Taking UML as an exemplar use of the four-layer, strict metamodelling architecture, we first note the ambiguity engendered when one also applies the standard Type–Object model of object technology. Figure 4.1 shows that the object book1 is of type Book, i.e. there is an instance-of relationship from book1:Book to Book. In contrast, the analyst is not concerned with individual book objects but wishes to model, for a library information system, the requirement that a library contains many books. The simple model shown in Figure 4.2 illustrates this by the use of two classes, Library and Book, related with a one-to-many association relationship. Since both Library and Book are classes, they can be shown as instances of the M1 class, Class (Figure 4.3). This is standard object-oriented modelling (with UML or any equivalent modelling language).

Figure 4.1: In traditional object-oriented modelling, an object (book1) is an instance of a class (Book)¹

Figure 4.2: Simple object-oriented model in which a library houses many books

Although this is widely accepted as the standard approach to creating an (M1-level) object-oriented class model, further consideration of Figure 4.3 leads to the realization that since (M2) Class is in fact a class, its instances must be objects; in other words, both Library and Book are in fact objects not classes.

Figure 4.3: Object-oriented model of Figure 4.2 explicitly showing instantiation relationships to class Class

Figure 4.4: A virtual mapping is needed from a new object ob1:Class to the Book class (adapted from [20])

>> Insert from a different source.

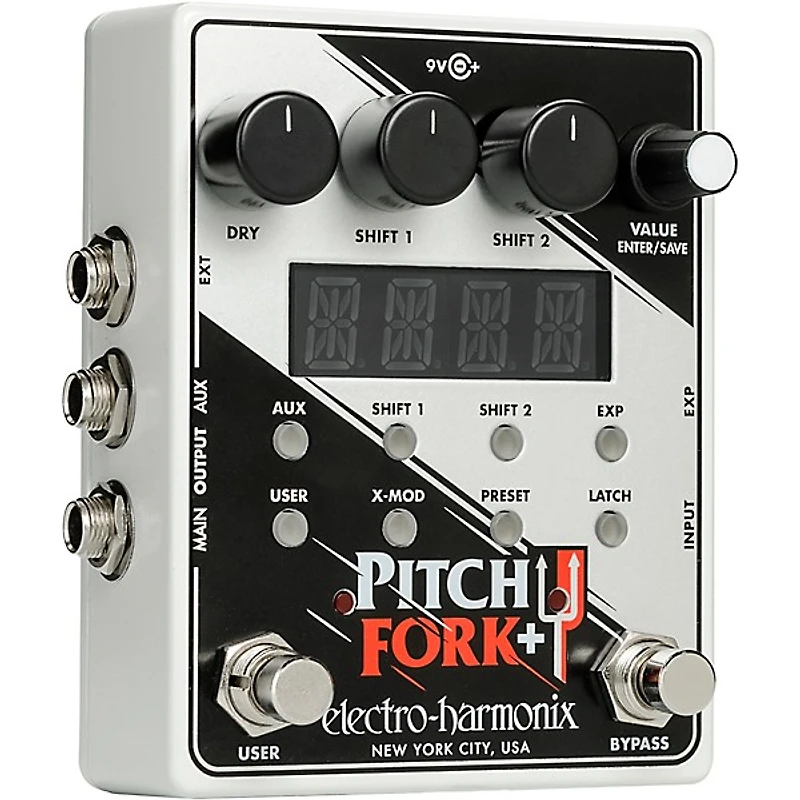 Electro-Harmonix Pitch Fork+ Polyphonic Pitch Shifter Guitar Effects Pedal White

Source: Gonzalez-Perez and Henderson-Sellers, 2007, copyright Elsevier. Reproduced with permission

What is occurring (as pointed out in [20]) is that by sleight of hand, the modelling has introduce a virtual mapping from ob1:Class to Book (Figure 4.4), thus preserving all the tenets of both strict metamodelling and object modelling.

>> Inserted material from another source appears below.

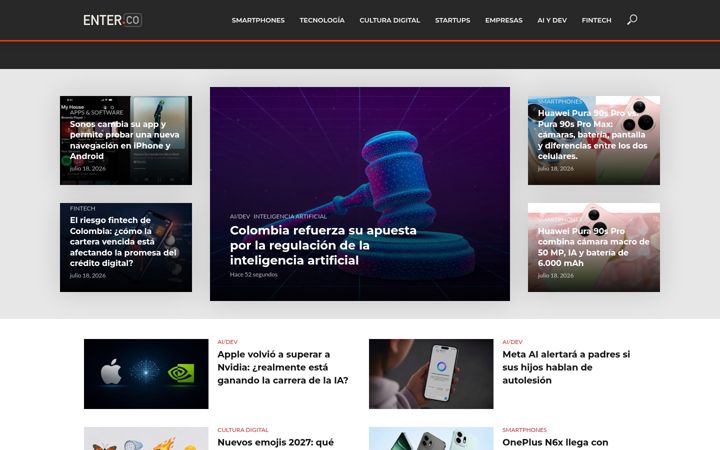 Screenshot von enter.co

In order to make this mapping explicit, various authors have differing solutions. Johnson and Woolf [27] have proposed a pattern called “Type-Object” that can be used to “decouple instances from their classes so that those classes can be implemented as instances of a class”. Pirotte et al. [37] introduce a “materialization relationship” (although admittedly in the context of database modelling not object modelling) and Odell [32] introduces the notion of a “powertype”, which coincidentally has very similar properties to the database materialization solution published at almost the same time. Of these solutions, it is the last that has found more recent use in the context of metamodelling and the one that we will explore most in this book (it is one of the foci of Chapter 5), in parallel with and in contrast to the established, traditional strict metamodelling approach used in the UML.

In a modelling language, an important relationship is that an Object is an instance of a Class (which acts as a Type). Thus, as shown in the M2 layer of Figure 4.5, a language such as UML is likely to include two concepts in the metamodel, one for Class and one for Object and a instance-of relationship between them.

Figure 4.5: The object wilhelmina is an instance of both the M1 class Cat and the M2 class Object, in violation of the rules of strict metamodelling

Strictly speaking, this is a violation of the strict metamodelling principle (which is why it no longer exists in Version 2 of UML). However, to expound the resultant dilemma, an actual object, say wilhelmina, which is of type Cat, must have an instance-of relationship to the (M1) Cat class. In turn, in normal object-oriented modelling, the (M1) class Cat is said to be an instance of the M2 class Class (with the caveat discussed above and exemplified by the sleight of hand proposed in Figure 4.4). On the other hand, wilhelmina is an object and therefore could be reasonably said to have an instance-of relationship to the class Object in the M2 layer. Of course, this is now seen to violate two aspects of the UML strict metamodelling rules: (1) an object is an instance of two classes simultaneously and (2) an instance-of relationship has been introduced that crosses two meta-boundaries. This well-known conundrum results directly from the adoption of strict metamodelling and standard object modelling. We do not attempt to resolve it here but it forms an ongoing discussion point both in the community and in this book.